— HOW TO COMPLETE THIS TASK —
Wherever a picture appears in the listing below, leave it out and reproduce the rest exactly.

— DATA SEGMENT —
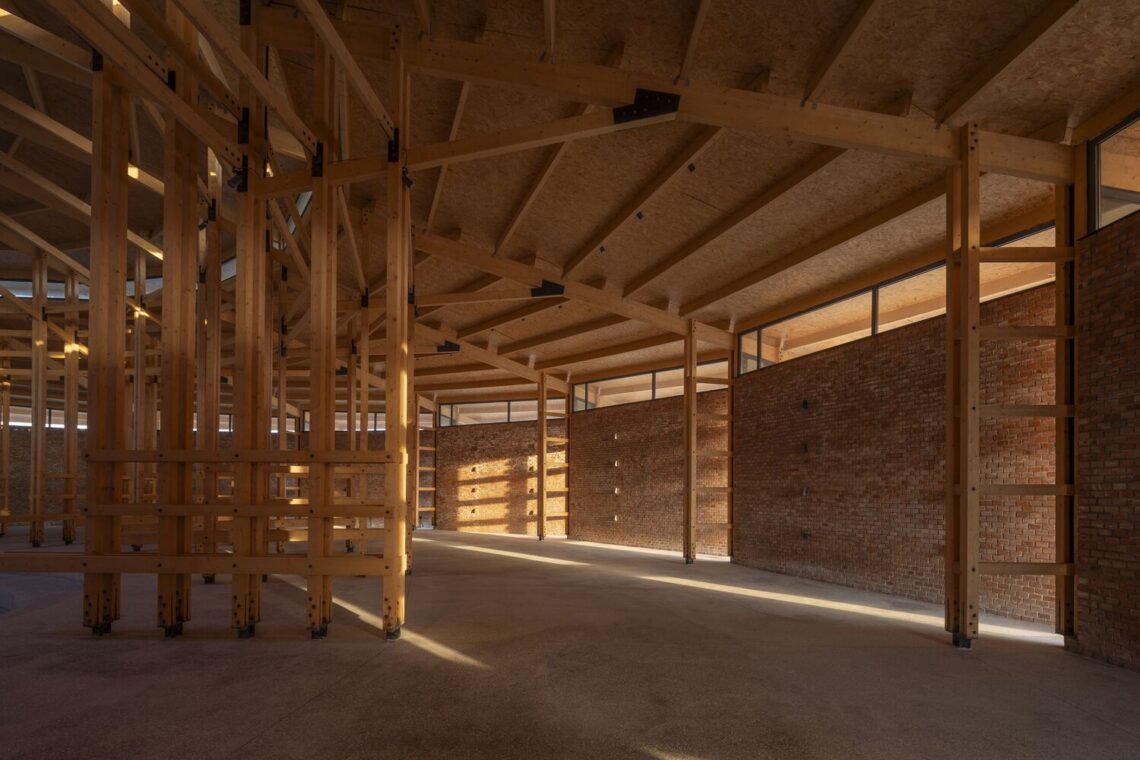 Prepared Rehmannia Root Crafts Exhibition Hall / Luo Studio 32 Prepared rehmannia root crafts exhibition hall / luo studio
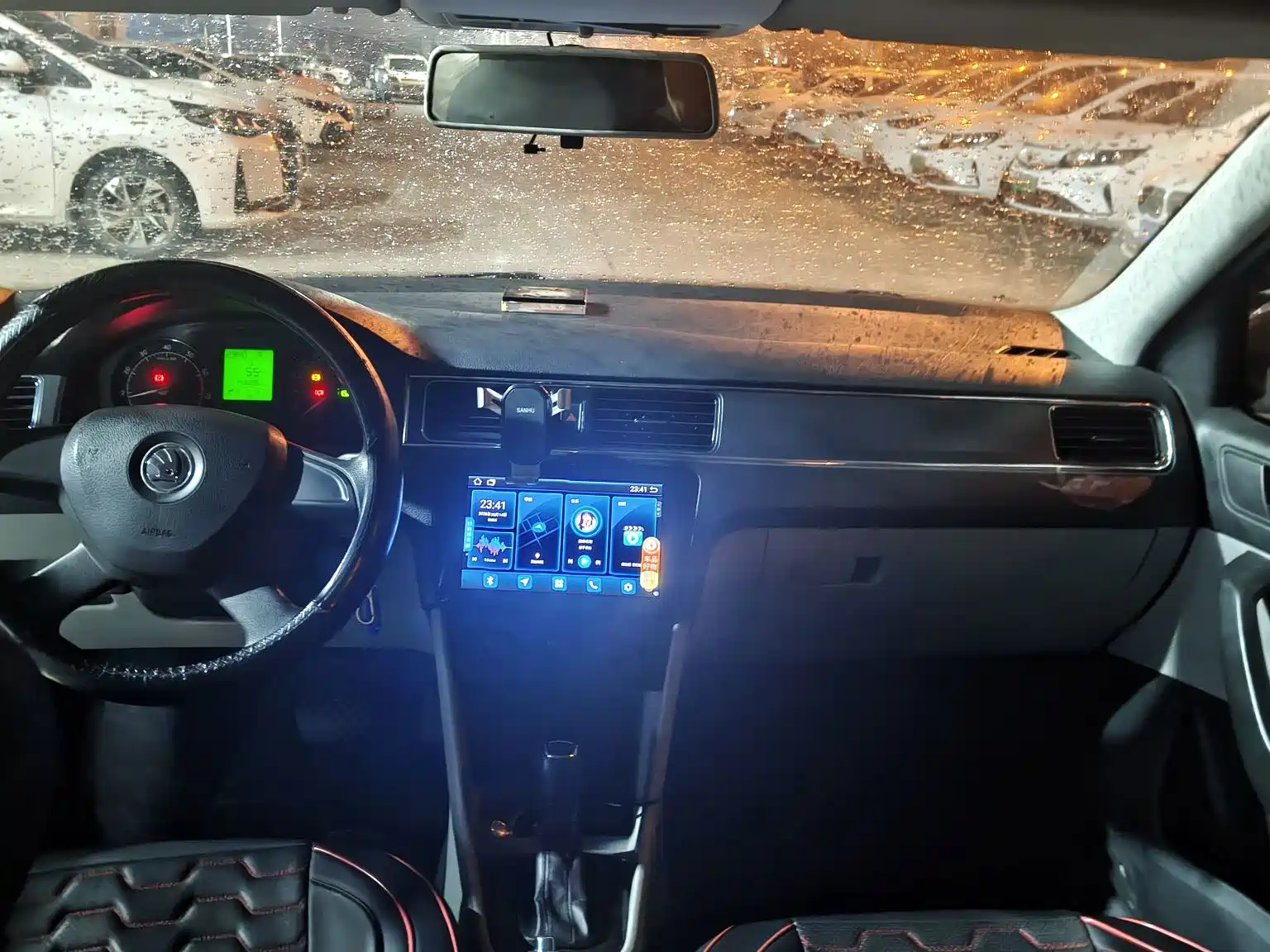 صورة 4 - Škoda Rapid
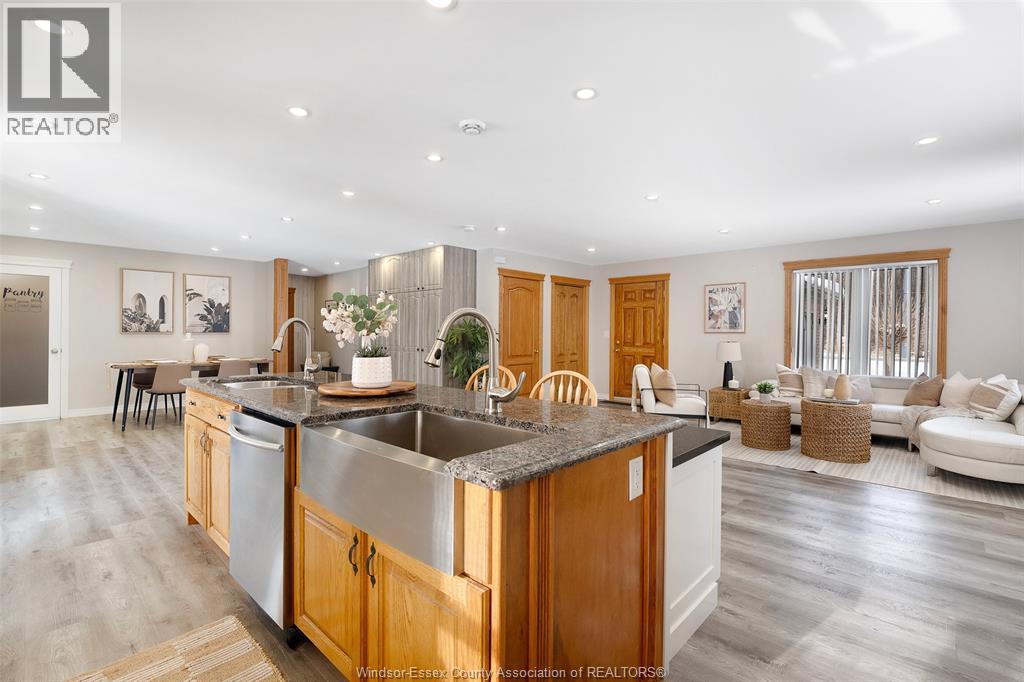 224 MERSEA RD 7, Leamington, Ontario, N8H3V8 — Photo 5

— ANSWER FOR THE TASK —
 Prepared Rehmannia Root Crafts Exhibition Hall / Luo Studio 32 Prepared rehmannia root crafts exhibition hall / luo studio
 صورة 4 - Škoda Rapid
 224 MERSEA RD 7, Leamington, Ontario, N8H3V8 — Photo 5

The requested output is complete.